WANA, W.Va. — Chris Clovis is the guy everybody loves to see coming up to their front door. Clovis works for the U.S. Postal Service and enjoys his job. But even he will tell you the increased shopping online had made his work much more complicated and much more difficult. By now, he’s pretty tired of seeing boxes with the markings of Amazon.com on the side.
“It’s all Amazon packages,” he laughed. “I guess it’s job security.”
While it certainly keeps a paycheck rolling in, Clovis said the heavy workload cut into his time to hunt. He routinely hunts for big bucks which he follows throughout the year on his father’s farm in western Monongalia County. He was particularly enthused this year about the big buck he called “Mile High.”

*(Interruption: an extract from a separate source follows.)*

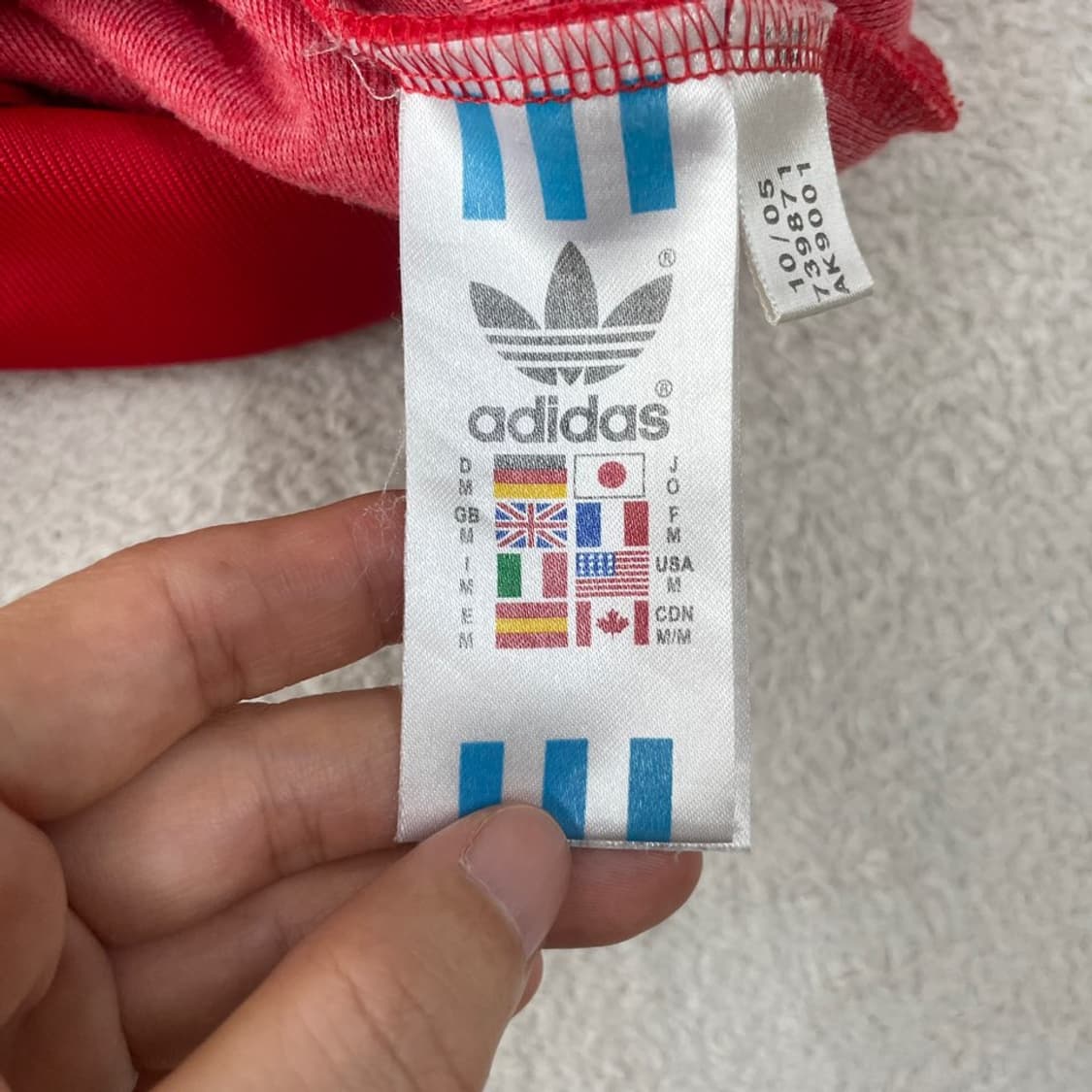 M 아디다스 잉글랜드 져지 유로파 레드 트랙탑 95 상품이미지7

“I had history of him for three years, but I couldn’t close the gap on him in bow season,” Clovis explained. “I had tons of pictures of him on game camera, his home area shrunk. I but couldn’t get a shot.”
“Mile High”, with his unusually stacked set of antlers, had become Clovis’ most sought after buck for the 2017 season although he admitted it probably would have been a bigger deer in the next few years.

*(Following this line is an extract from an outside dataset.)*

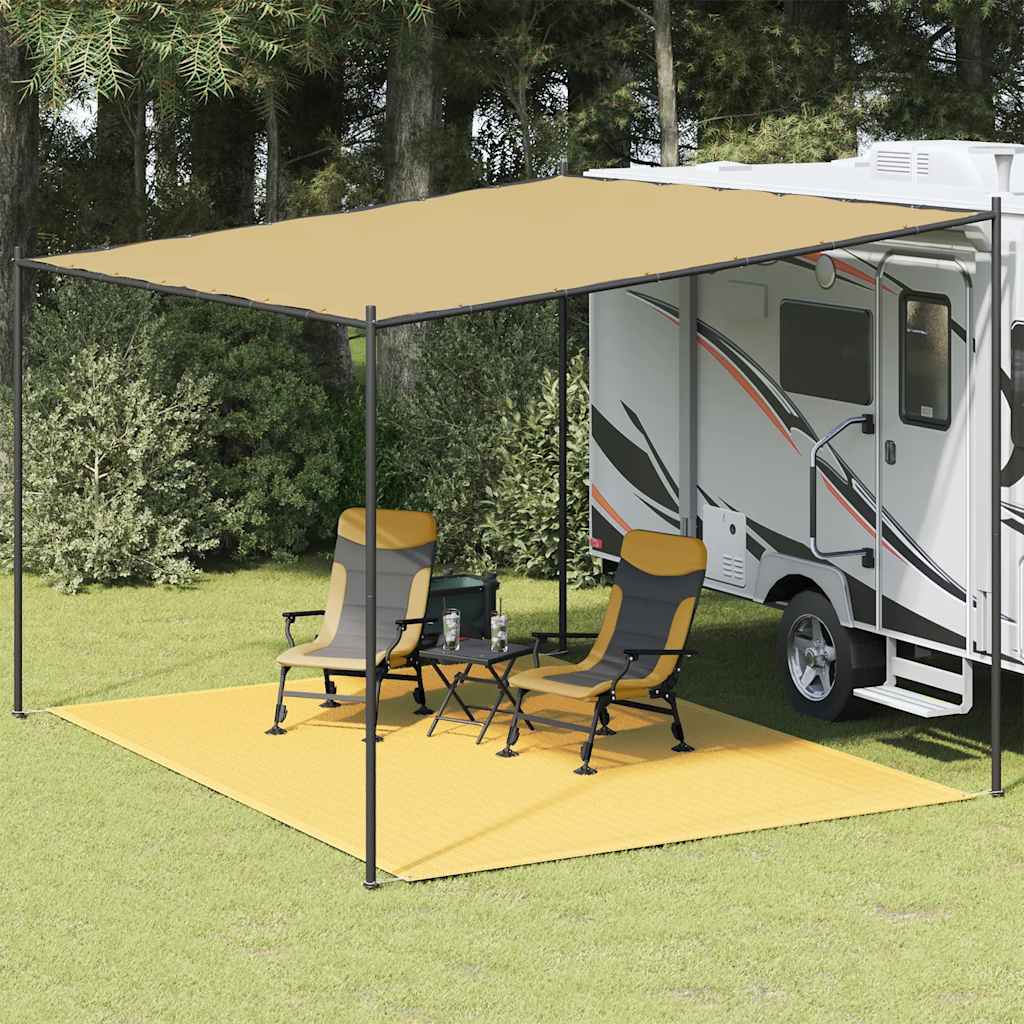 telttæppe 300x400 cm beige billede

“I name all my deer. I had Kong, the Drop Tine Buck, and Hercules. Sometimes I see them and sometimes I kill them and put them in the man-cave. I just noticed he was a really good deer who had potential and had a mile-high rack as a 2 and a half. As he progressed and got older as a three and a half he got a lot heavier,” Clovis. “But, as you know as five and a half and six and a half is when they reach full potential. He still had growing to do.”

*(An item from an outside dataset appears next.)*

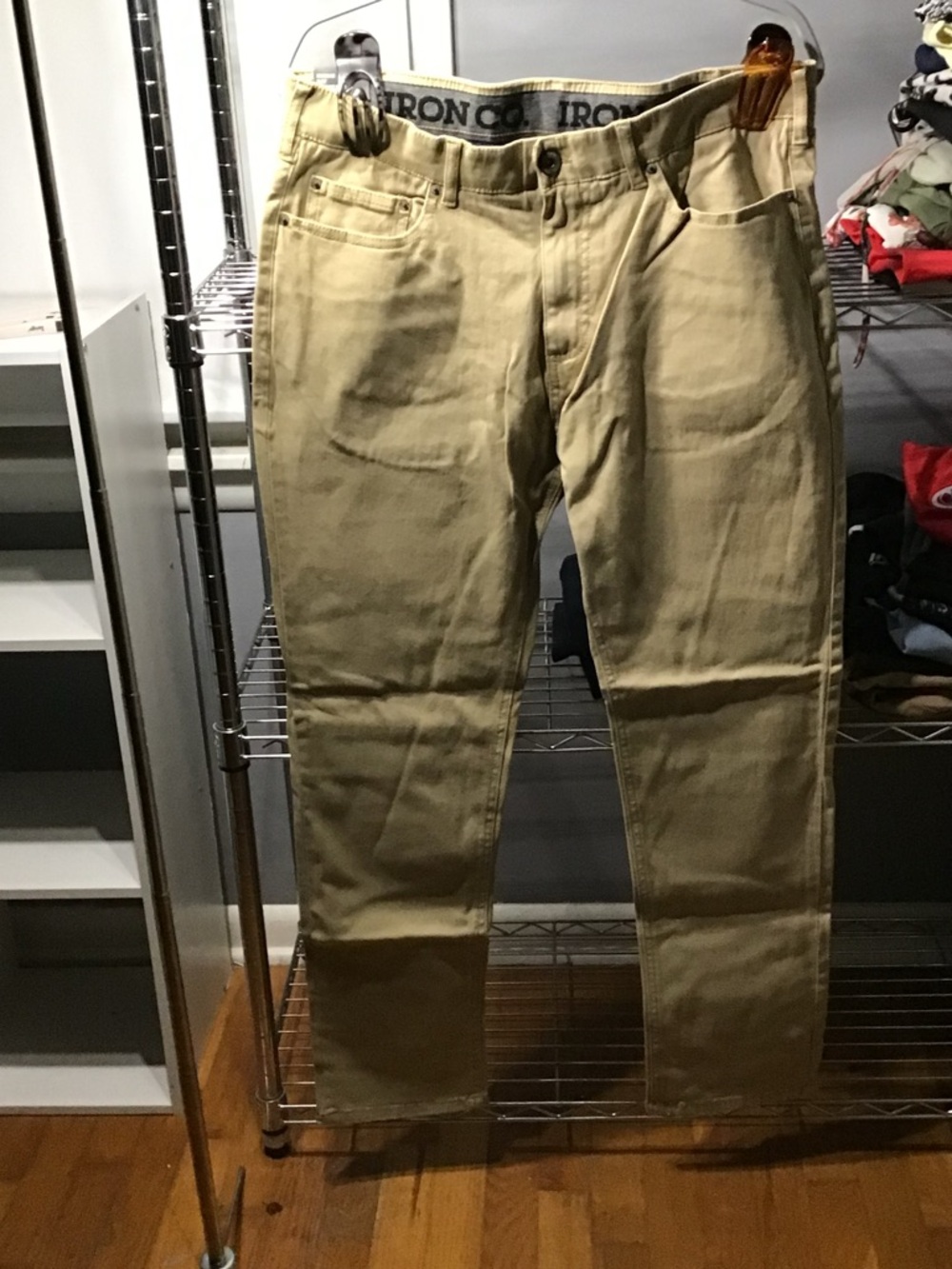 Iron Co. Khaki Cargo Pants for Men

Clovis had a couple of encounters with the buck during archery season and saw him a couple of times during the first week of gun season. He had also spotted the same buck during the 2016 muzzleloader season. All of those encounters ended with no shot. Clovis’ nephew found a shed of the buck after the 2016 season and trail cam pictures produced evidence the big buck had survived another season. By the second week of the 2017 gun season, it appeared Mile High might live to see his fifth season. Ready to give up on this year’s quest, a chance encounter in the second week of gun season produced a different result for Clovis.
“I was in the tree stand and really wasn’t in the mood to hunt. I was just in a bad mood knowing I had to go back to Amazon packages the next day. I didn’t want to be there and figured I’d just come home and get rested up for work the next day,” Clovis explained.
Clovis left his stand and stepped onto his four wheeler, but before firing it up to leave he heard something down the hill below him.
“I looked and it was a spike chasing a doe, and there he was trailing behind them,” said Clovis. “I went from the lowest lows to the highest highs. I had to put shells back into my gun and it was meant to be I suppose. A minute earlier or a minute later and it would have never happened.”